Parteitag in Hannover Linke will grundlegende Neuausrichtung der Politik
Hannover (dpa) - Die Linken wollen mit dem Versprechen einer Gerechtigkeitswende die scheinbar unangefochtene Position von Kanzlerin Angela Merkel erschüttern.
Parteichefin Katja Kipping schwor die Partei zu Beginn eines Parteitags am Freitag in Hannover auf einen deutlichen Regierungskurs ein - und ging damit auf Konfrontation zu Befürwortern einer reinen Oppositionsrolle.
Einen „alten, klassischen Regierungswahlkampf“ wolle die Linke nicht führen, sagte Kipping vor rund 450 Delegierten. Klar sei aber, „dass wir uns nicht auf die Oppositionsrolle beschränken sollten. Machen wir uns nicht kleiner, als wir sind.“ Bis Sonntag wurden noch Kontroversen darüber erwartet, ob die Linken hohe Hürden vor einer möglichen Regierungsbeteiligung im Bund aufstellen oder sich regierungsbereit zeigen.
Im Mittelpunkt stünden bei den Linken die Interessen der Ärmeren und der Mittelschicht, sagte Kipping. „Wir sind die Gerechtigkeitspartei.“ Eine „Gerechtigkeitswende“ sei aber nur vorstellbar mit der Abschaffung der Sanktionen für Hartz-IV-Empfänger. Bis Sonntag will die Linke ihr Wahlprogramm festlegen.
Laut Vorstandsentwurf soll jeder weniger Steuern zahlen, der weniger als 7100 Euro im Monat brutto hat. „Wer mehr verdient, zahlt mehr Steuern.“ Ab Jahreseinkommen von 260.533 Euro soll eine Reichensteuer mit 60 Prozent greifen. Keine andere Partei habe so „seriös durchgerechnete Vorschläge“. Mindestrente und Mindestsicherung sollten jedem auch im Bedarfsfall mindestens 1050 Euro pro Monate bringen.
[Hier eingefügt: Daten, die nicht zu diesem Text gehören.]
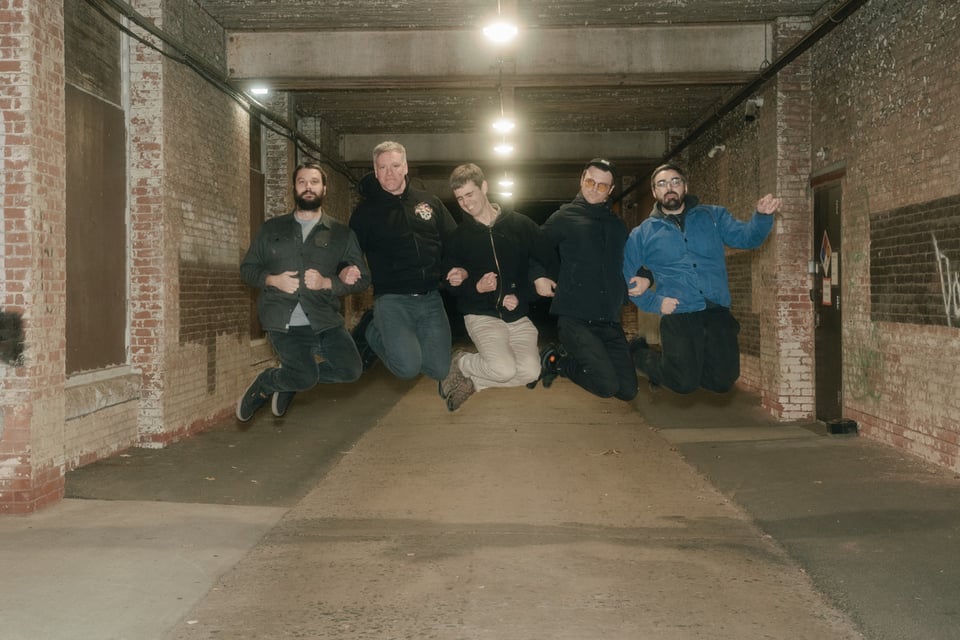 Five men in a line are photographed in mid-jump in a brick-lined alleyway.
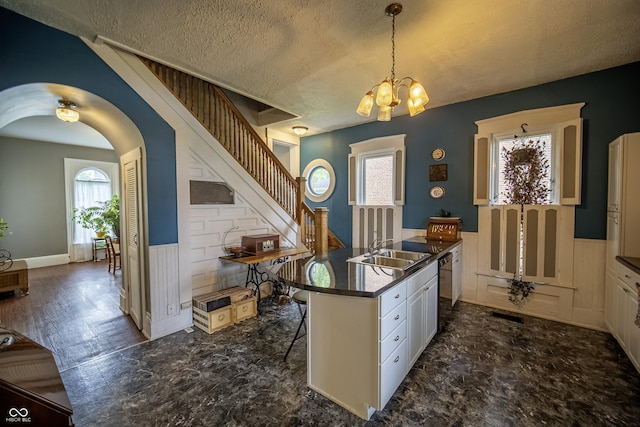 426 N Franklin St, Greensburg, IN 47240 - kitchen with a wainscoted wall, a textured ceiling, white cabinets, a chandelier, and dark countertops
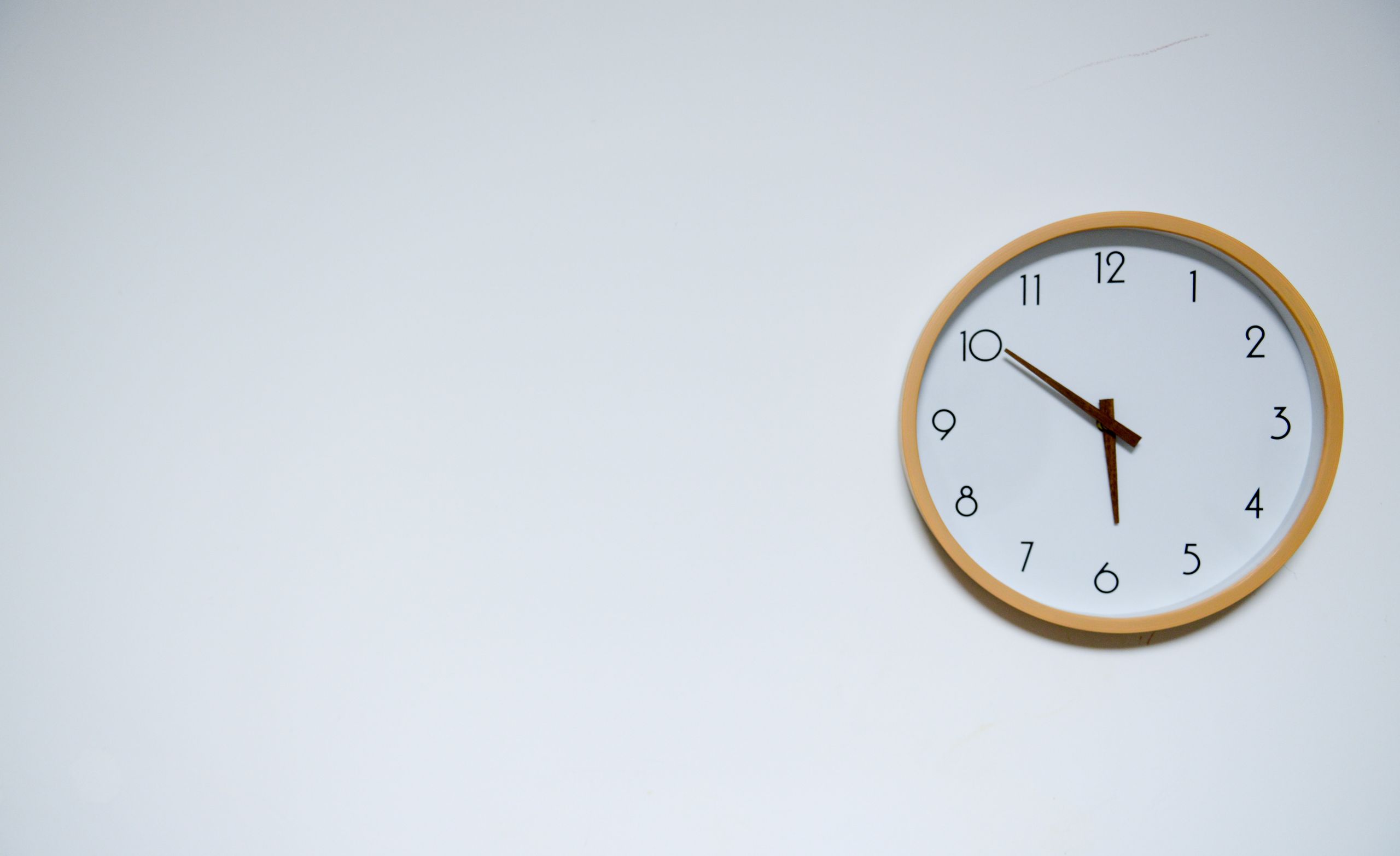 Simple wall clock with wooden frame against a white background, showing the time 10:10.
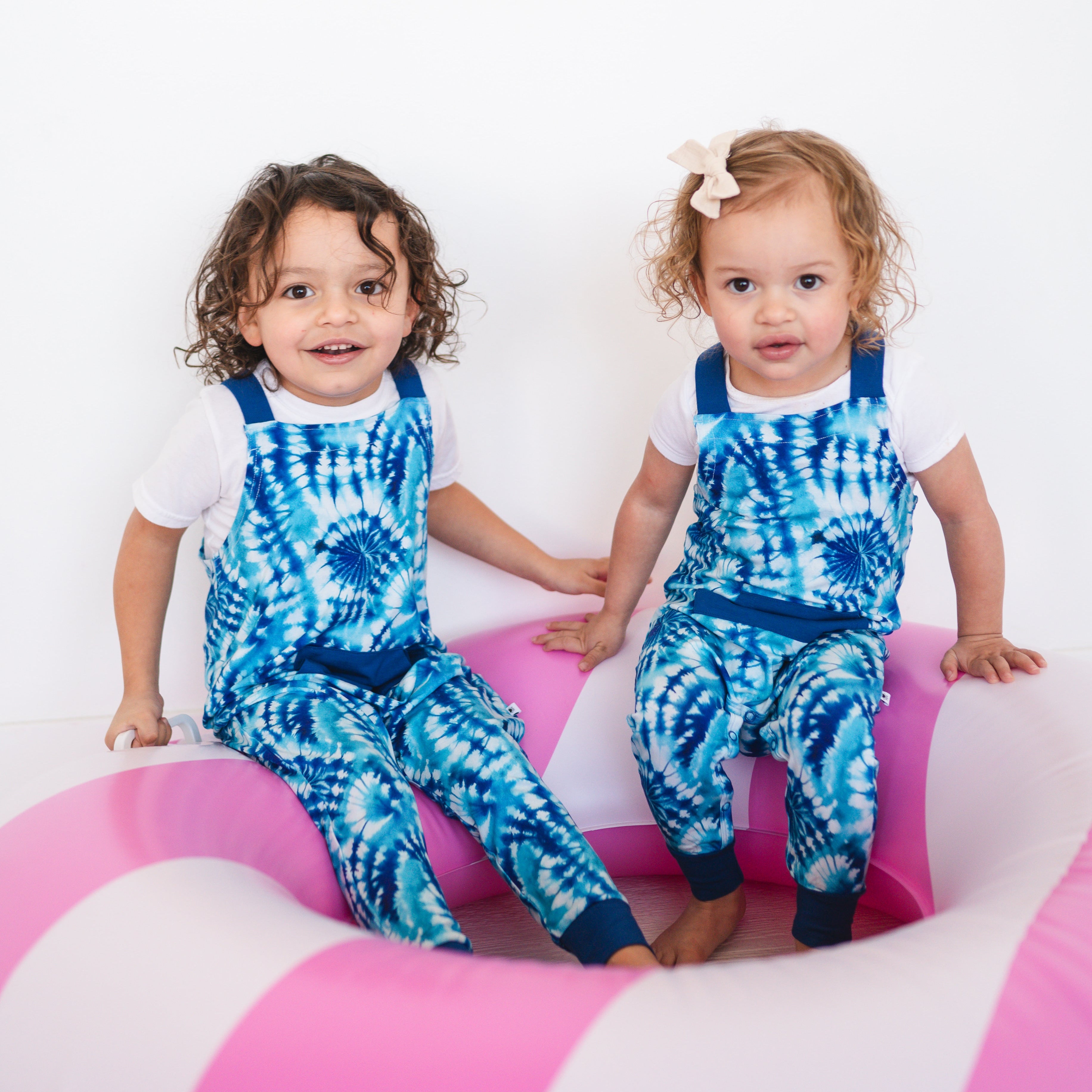 Two children in blue tie-dye overalls sit in a pink and white inflatable.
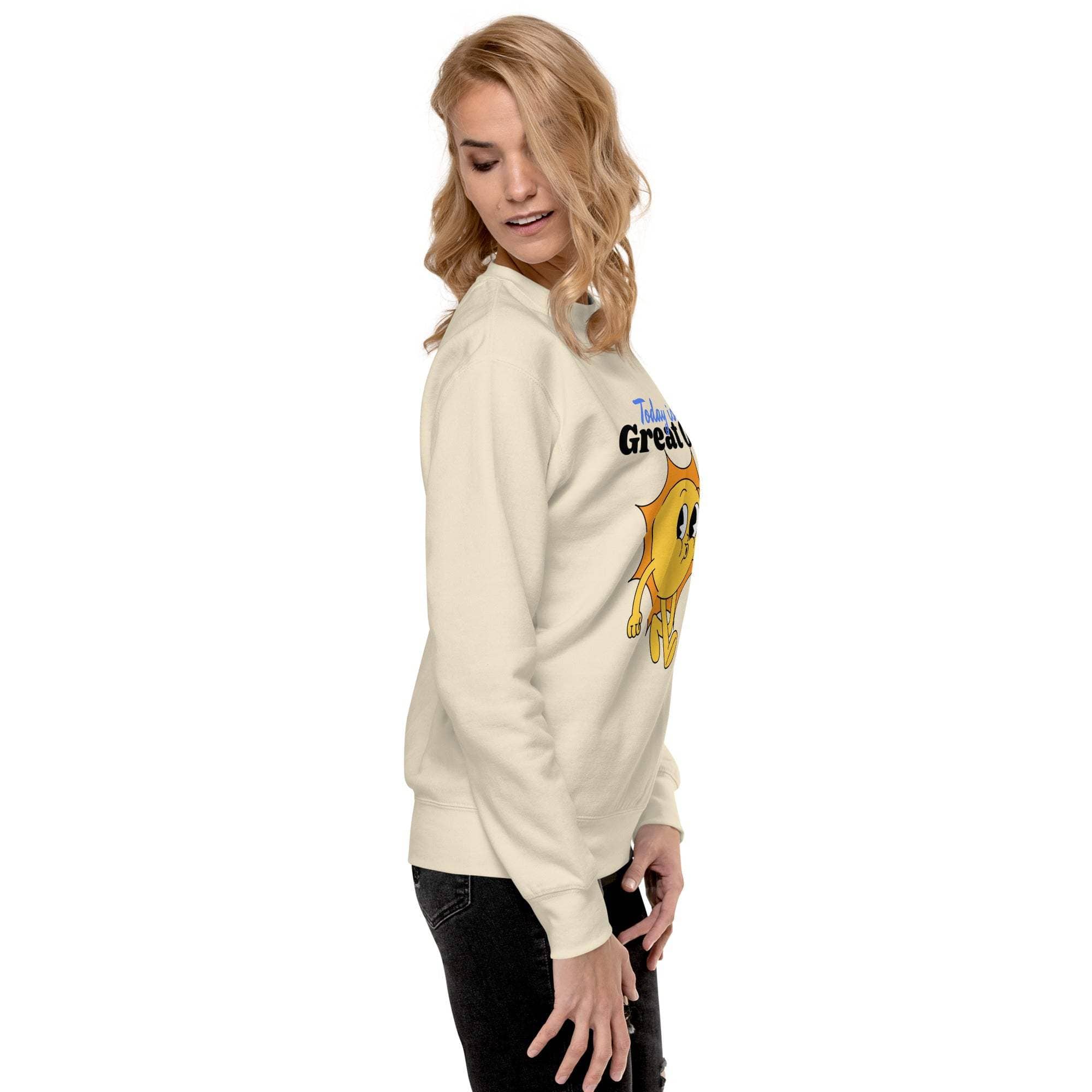 Woman wearing beige Positive Sun Sweatshirt with cheerful sun graphic and motivational text, casual fit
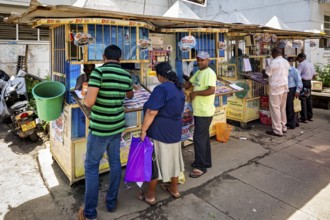 Small street shops with people buying newspapers and magazines, The old market halls of Kandy in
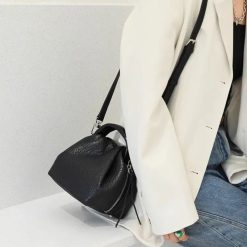 sac à main noir crocodile pour femme
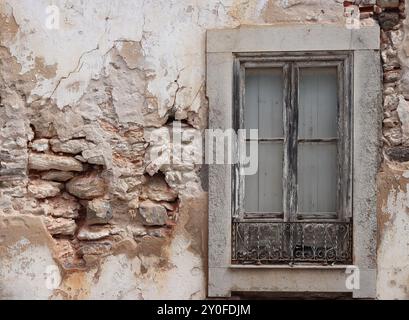 Vieux mur en pierre blanche endommagée avec plâtre ruiné et fenêtre vintage Banque D'Images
„Die Regierung Merkel hat dieses Land zu einem Land der Millionäre und der Millionen in Armut gemacht“, sagte Kipping. Merkel und Finanzminister Wolfgang Schäuble (CDU) hätten auch Europa kaputt gemacht. Durch ihre Politik komme es in Europa zu einem starken wirtschaftlichen Ungleichgewicht mit immensem deutschen Handelsüberschuss. Schäuble sei ein „fiskalpolitischer Sprengsatz für Europa“. Scharf kritisierte Kipping auch CSU-Chef Horst Seehofer: Er trage AfD-nahe Positionen in die Regierung.
Die Linken wollten das Land verändern und hätten den Mut, sich mit der Immobilien-, Versicherungs- und Rüstungslobby anzulegen. Anders gehe es nicht. „Sonst tuckert die Fregatte Merkel weiter auf ihrem Kurs, ob nun mit Martin Schulz als neuem Offizier oder mit Christian Lindner als Schiffsjunge an Bord“, sagte Kipping. Ohne starke Linke drohe also eine Koalition der Union mit der SPD von Parteichef Schulz oder mit der FDP von Lindner.
Zugleich warb Kipping um SPD und Grüne als mögliche Bündnispartner. Bei der Sicherheitspolitik rief sie beide Parteien auf, nicht die EU als neuen Weltpolizisten anstelle der USA von Präsident Donald Trump in Stellung zu bringen. Mit den Linken sollten sie auf einen Multilateralismus-Kurs gehen, also eine Welt friedlich verbundener Staaten anstreben.
Mehr als jeder dritte Bundesbürger (36 Prozent) hält die Linkspartei im Bund für regierungsfähig. Nach Einschätzung von fast der Hälfte (46 Prozent) ist sie hingegen grundsätzlich nicht geeignet, Teil einer Bundesregierung zu sein. Das ergab eine Umfrage des Instituts YouGov Deutschland im Auftrag der Deutschen Presse-Agentur. Eine Beteiligung der Linken an der Bundesregierung nach der Wahl fänden 35 Prozent schlecht oder sehr schlecht - 23 Prozent fänden dies gut oder sehr gut, im Osten 32 Prozent.